Gleichzeitig setzt der Kanton stark auf Nachhaltigkeit: Mit dem Ticino Ticket für den kostenlosen öffentlichen Nahverkehr und der Swisstainable-Zertifizierung auf Level 2 befindet sich der Kanton auf bestem Weg zur höchsten Nachhaltigkeitsstufe. „Ein nachhaltiger Ganzjahrestourismus ist das Zukunftsmodell. Wir wollen wachsen, aber im Gleichgewicht mit Mensch und Natur“, fasst Jurij Meile von Tessin Tourismus zusammen.

Der Weg in die Zukunft
Mit Ticino365 will das Tessin zeigen, dass Wandel möglich ist – wenn alle am gleichen Strang ziehen.

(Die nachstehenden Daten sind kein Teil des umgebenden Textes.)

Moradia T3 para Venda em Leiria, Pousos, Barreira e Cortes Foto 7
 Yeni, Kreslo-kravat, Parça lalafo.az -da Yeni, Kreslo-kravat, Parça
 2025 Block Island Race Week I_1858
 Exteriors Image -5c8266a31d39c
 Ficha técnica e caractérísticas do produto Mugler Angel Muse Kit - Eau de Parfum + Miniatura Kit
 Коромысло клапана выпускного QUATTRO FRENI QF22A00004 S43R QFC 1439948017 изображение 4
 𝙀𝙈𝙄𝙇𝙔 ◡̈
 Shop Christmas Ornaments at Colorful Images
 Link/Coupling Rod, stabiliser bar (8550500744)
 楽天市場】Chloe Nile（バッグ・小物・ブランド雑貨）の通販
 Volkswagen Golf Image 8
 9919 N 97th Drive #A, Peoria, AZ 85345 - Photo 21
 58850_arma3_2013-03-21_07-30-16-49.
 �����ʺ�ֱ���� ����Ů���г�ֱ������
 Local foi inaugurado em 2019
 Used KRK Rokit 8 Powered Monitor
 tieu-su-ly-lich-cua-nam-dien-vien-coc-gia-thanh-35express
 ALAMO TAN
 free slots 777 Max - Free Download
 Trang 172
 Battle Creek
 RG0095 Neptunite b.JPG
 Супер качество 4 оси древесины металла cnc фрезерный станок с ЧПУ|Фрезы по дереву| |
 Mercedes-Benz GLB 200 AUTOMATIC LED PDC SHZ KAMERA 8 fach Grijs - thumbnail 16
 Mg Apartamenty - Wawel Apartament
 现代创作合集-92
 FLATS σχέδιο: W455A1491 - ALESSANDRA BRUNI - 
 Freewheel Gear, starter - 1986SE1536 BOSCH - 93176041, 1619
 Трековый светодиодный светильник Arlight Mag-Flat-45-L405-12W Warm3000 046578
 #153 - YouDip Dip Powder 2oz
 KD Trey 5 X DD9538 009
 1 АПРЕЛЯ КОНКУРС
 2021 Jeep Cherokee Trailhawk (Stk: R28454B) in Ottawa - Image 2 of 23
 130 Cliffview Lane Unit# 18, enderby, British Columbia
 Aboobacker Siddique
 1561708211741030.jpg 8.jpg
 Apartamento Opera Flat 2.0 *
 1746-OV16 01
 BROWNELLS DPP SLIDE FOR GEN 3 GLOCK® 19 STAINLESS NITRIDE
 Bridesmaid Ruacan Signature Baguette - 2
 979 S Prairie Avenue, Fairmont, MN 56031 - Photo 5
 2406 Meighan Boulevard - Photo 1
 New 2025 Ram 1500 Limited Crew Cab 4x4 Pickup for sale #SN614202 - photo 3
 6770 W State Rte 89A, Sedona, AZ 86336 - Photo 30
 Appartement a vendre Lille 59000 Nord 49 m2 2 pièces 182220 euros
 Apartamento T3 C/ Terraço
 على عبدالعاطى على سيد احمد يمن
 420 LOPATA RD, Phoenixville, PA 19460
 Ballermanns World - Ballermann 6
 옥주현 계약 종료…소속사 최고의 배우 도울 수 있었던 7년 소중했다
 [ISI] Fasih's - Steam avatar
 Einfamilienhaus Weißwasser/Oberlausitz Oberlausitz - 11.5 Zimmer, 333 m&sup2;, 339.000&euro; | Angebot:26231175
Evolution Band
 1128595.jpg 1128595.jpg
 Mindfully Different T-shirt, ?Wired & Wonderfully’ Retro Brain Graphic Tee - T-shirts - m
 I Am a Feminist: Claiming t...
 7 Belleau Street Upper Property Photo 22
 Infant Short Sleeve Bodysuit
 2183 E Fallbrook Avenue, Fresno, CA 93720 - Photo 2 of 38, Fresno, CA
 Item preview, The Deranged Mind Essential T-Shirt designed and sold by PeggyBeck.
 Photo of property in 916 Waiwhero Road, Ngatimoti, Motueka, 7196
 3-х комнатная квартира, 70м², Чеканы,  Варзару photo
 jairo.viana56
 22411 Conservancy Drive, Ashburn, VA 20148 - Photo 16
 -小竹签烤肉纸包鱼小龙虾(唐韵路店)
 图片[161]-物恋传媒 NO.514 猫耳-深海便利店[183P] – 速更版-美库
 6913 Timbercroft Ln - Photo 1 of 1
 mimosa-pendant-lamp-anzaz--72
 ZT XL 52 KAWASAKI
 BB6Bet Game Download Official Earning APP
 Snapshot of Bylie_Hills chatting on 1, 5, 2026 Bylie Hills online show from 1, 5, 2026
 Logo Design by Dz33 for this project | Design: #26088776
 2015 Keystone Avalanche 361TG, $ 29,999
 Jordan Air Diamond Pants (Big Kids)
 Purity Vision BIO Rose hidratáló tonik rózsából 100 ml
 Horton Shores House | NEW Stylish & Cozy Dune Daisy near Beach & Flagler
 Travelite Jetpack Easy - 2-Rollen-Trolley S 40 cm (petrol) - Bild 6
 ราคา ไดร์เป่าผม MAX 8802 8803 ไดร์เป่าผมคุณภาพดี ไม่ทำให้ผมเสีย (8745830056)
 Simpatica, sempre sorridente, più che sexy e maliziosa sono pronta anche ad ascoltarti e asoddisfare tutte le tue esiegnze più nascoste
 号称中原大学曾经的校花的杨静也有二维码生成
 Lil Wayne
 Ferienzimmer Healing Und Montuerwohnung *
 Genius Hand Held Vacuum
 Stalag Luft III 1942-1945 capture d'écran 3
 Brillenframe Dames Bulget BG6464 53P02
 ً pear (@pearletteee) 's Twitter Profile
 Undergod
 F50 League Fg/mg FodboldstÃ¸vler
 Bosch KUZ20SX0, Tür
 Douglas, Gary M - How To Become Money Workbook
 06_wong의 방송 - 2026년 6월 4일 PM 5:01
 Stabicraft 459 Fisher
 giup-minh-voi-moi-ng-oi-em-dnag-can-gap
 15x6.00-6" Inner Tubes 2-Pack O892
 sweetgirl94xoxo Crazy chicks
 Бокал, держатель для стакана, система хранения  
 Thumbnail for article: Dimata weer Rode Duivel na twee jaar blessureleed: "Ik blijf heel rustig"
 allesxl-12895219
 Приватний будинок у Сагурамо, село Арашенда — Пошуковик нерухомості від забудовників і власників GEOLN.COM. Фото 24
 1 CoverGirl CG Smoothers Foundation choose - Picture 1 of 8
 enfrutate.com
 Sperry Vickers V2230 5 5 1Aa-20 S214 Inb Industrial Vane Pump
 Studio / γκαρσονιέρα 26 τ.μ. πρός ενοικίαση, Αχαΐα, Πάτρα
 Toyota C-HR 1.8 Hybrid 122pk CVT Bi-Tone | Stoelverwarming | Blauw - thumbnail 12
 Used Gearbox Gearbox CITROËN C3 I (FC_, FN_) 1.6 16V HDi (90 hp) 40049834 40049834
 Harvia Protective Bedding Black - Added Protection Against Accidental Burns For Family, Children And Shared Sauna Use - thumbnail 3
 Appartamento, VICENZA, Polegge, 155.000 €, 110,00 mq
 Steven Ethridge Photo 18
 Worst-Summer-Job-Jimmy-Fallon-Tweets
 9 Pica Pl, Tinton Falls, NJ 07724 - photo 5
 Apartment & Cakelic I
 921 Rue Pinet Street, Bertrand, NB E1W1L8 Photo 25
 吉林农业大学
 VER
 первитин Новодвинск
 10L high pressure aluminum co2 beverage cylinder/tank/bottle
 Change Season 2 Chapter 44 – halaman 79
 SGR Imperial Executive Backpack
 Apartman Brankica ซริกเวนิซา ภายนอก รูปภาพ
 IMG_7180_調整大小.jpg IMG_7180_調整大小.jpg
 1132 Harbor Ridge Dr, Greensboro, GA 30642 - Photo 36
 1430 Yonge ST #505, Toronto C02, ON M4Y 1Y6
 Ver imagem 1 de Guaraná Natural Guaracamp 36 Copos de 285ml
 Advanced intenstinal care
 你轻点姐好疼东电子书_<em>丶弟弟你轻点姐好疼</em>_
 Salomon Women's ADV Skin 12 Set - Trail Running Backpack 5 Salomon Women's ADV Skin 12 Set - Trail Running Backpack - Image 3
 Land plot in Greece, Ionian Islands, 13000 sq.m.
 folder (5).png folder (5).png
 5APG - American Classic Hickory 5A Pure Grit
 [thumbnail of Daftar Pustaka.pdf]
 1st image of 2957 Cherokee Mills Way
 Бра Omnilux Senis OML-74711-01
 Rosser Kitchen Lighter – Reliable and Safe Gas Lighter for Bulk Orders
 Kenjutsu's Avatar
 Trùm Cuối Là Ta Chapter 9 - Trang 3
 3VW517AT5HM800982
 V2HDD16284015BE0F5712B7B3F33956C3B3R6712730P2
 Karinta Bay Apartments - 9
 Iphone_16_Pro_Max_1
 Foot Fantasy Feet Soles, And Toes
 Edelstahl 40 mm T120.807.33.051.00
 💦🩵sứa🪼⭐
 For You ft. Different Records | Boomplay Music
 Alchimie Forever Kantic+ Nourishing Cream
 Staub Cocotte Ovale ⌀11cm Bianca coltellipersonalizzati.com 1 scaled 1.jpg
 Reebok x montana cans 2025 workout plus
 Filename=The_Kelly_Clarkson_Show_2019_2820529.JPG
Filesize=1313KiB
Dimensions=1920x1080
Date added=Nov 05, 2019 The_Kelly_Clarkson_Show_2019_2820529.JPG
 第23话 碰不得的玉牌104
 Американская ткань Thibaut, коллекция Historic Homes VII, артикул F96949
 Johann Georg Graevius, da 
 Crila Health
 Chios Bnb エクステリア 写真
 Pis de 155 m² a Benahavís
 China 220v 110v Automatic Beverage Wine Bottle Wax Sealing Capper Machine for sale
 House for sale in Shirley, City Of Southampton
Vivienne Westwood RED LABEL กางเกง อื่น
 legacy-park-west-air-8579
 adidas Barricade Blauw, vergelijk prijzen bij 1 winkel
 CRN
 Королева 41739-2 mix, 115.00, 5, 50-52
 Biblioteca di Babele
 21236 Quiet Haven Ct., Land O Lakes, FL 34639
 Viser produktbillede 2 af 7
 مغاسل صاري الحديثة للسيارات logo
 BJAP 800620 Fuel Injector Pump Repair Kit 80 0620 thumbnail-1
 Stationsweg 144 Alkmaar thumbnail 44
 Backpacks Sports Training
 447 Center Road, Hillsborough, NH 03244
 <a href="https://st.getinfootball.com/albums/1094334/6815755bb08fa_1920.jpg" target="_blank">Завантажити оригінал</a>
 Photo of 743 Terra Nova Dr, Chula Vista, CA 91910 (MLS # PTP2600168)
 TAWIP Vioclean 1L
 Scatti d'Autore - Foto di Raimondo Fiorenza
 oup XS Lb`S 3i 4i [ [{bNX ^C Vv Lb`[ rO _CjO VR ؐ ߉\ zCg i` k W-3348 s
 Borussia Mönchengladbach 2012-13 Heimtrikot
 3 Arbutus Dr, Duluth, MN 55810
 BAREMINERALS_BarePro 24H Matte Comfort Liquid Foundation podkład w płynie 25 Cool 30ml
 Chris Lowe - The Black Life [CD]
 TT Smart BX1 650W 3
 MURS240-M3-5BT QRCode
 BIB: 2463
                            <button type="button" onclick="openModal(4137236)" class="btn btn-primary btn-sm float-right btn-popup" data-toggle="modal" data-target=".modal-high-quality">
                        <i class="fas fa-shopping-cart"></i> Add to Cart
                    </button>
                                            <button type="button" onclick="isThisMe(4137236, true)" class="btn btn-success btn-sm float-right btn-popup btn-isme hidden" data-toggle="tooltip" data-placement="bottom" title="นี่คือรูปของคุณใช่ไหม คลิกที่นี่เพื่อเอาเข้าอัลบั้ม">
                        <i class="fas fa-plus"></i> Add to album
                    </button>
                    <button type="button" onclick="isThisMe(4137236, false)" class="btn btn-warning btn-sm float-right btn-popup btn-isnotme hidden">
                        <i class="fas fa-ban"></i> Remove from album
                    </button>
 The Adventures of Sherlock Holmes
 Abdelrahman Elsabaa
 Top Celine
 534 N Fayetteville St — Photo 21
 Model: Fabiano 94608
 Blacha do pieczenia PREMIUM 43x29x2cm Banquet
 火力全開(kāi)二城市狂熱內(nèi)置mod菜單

Der Weg ist langfristig, die Ziele ambitioniert: Stabilität für Betriebe, Planbarkeit für Arbeitskräfte und neue Erlebnisse für Gäste. Oder, wie es Trotta formuliert: „Tourismus im Tessin das ganze Jahr über – das ist kein Slogan, sondern ein erreichbares Ziel.“

Warum das Tessin eine Ganzjahresdestination werden muss
Der Tourismus im Tessin steht an einem Wendepunkt. Die starke Abhängigkeit von der Sommersaison gefährdet langfristig die wirtschaftliche Stabilität, die Beschäftigung und die Wettbewerbsfähigkeit des Südkantons. Diese zehn zentralen Argumente zeigen, warum das Tessin den Schritt zur Ganzjahresdestination unbedingt wagen muss:
- Stabilere Wirtschaft: Ein ausgeglichener Tourismus über das ganze Jahr reduziert saisonale Schwankungen und sichert kontinuierliche Einnahmen.
- Arbeitsplätze sichern: Ganzjahrestourismus schafft dauerhafte Jobs statt kurzfristiger Saisonstellen – besonders in Hotellerie und Gastronomie.
- Höhere Auslastung der Infrastruktur: Hotels, Bahnen und touristische Einrichtungen können effizienter genutzt werden, statt monatelang stillzustehen.
- Weniger Abhängigkeit von Wetter und Saison: Durch attraktive Herbst- und Winterangebote bleibt das Tessin auch bei wechselnden Klimabedingungen interessant.
- Nachhaltigkeit fördern: Ganzjahresbetrieb bedeutet eine bessere Nutzung bestehender Ressourcen und weniger Belastung durch saisonale Spitzen.
- Neue Zielgruppen gewinnen: Kultur-, Genuss- und Aktivtourismus ziehen Gäste an, die nicht auf Sommerferien angewiesen sind.
- Stärkung regionaler Identität: Der Kanton kann sich als vielfältige, lebendige Region präsentieren – nicht nur als Sommerziel, sondern als Ort für alle Jahreszeiten.
- Bessere Wettbewerbsposition: Andere Regionen in der Schweiz und im Ausland (Südtirol) setzen längst auf Ganzjahresstrategien – das Tessin darf den Anschluss nicht verlieren.
- Förderung der Städte: Lugano zeigt, wie urbaner Ganzjahrestourismus funktioniert – dieses Modell lässt sich auch auf andere Regionen übertragen.
- Langfristige Zukunft des Tourismus sichern: Nur wer das ganze Jahr über Gäste anzieht, bleibt wirtschaftlich und gesellschaftlich relevant.